The smell of rosin and sweat hangs thick in a West Loop studio. Maya, 16, stares at her reflection, counting under her breath as she launches into another turn. One, two, three… her ankle wobbles on the twenty-second fouetté. This isn’t just practice; it’s a pass-fail test for a future that feels as scuffed and worn as the marley floor beneath her.
Half a world away, the light is different. Golden, heavy, pouring through the arched windows of a former palazzo in Valletta. Luca, also 16, arches his back into a fluid contemporary sequence, the harbour glittering below him. His training doesn’t hinge on a single, brutal audition. His path is woven into the fabric of his island, supported by a system that views dance not as a cutthroat competition, but as cultural heritage.
These two dancers—one in the American Midwest, one in the Mediterranean—share the same fierce passion. But the roads they travel to become artists couldn’t be more divergent.
The Chicago Crucible
In Chicago, ballet is a numbers game played for the highest stakes. Maya’s world is the Joffrey Academy, a place that functions less like a school and more like a professional sports franchise’s minor league. The promise is direct: work here, get seen here, maybe get hired here. The training is relentless, six days a week, a regimen that demands early specialization and bodies that can withstand incredible pressure.
“It’s a pipeline,” says her coach, watching from the doorway. “We’re not just teaching dance. We’re filtering.” The cost of this pipeline? Nearly $8,000 a year. The payoff is a shot at a company contract, though most will scatter to other cities, chasing openings from Boston to San Francisco.
But Chicago isn’t a monolith. Down the street, dancers might blend the Vaganova rigor Maya knows with the loose, improvisational Gaga technique. They might juggle commercial gigs and contemporary rehearsals. This ecosystem of choice is thrilling—and exhausting. It forces teenage artists to become CEOs of their own careers, navigating a maze of options with no guarantee of a job at the end. The “track” is clear: thousands start recreationally, hundreds train seriously, dozens become trainees, and a handful land contracts. The grind is the price of admission.
The Maltese Mosaic
Luca’s experience is shaped by scarcity and community. Malta, a nation smaller than Chicago’s metro area, doesn’t have a grand, state-funded classical ballet company. Instead, it has something else: strategy.

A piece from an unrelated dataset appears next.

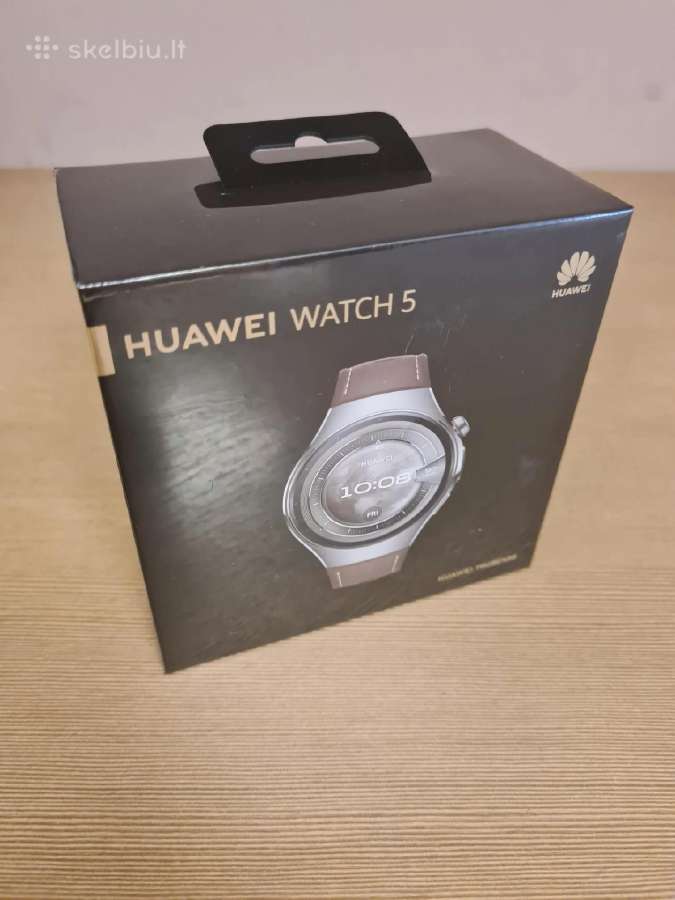 Huawei Watch 5 Brown (46mm) (esim) (Naujas) - nuotraukos Nr. 3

His training at a school like the Brigitte Gauci Borda isn’t about feeding a single corporate entity. It’s about survival through versatility.
Here, classical ballet is one tool in the kit, not the only tool. Luca might drill pirouettes in the morning, then spend the afternoon learning a contemporary piece for Moveo Dance Company, the island’s leading ensemble. The state, through Arts Council Malta and school curricula, provides a safety net unheard of in Chicago. Dance can be an academic subject, its grades counting toward university—a concept that seems radical to an American dancer buried in tuition bills.
His teachers often trained in Rome or London, their methods a blend of Italian and British styles. The EU’s Erasmus program is his summer intensive, sending him to workshops in Sicily or festivals in Greece. There’s a palpable sense of a small nation punching above its weight, leveraging its position and history to create a unique, hybrid training model. The peer group is intimate, the mentorship deep, but the dream of a full-time, salaried ballet company remains just that—a dream. His future likely lies in freelance work, a patchwork of gigs across the Mediterranean.
Two Answers, One Question
So, what makes an artist? Is it forged in the fire of hyper-competition, where only the most resilient and financially supported survive? Or is it cultivated in a greenhouse of state support and cultural integration, where the goal is a sustainable life in the arts, not a soloist contract?
Maya’s story is one of individual grit against a backdrop of institutional abundance. Luca’s is one of collective strategy within a framework of limitation. One path prizes specialization; the other, adaptability.
As Maya ices her blistered feet and Luca watches the sunset over the Grand Harbour, they are both, in their own ways, answering that same twenty-first-century question. There is no single right answer—just different landscapes, different sacrifices, and the same unwavering commitment to the art that moves them.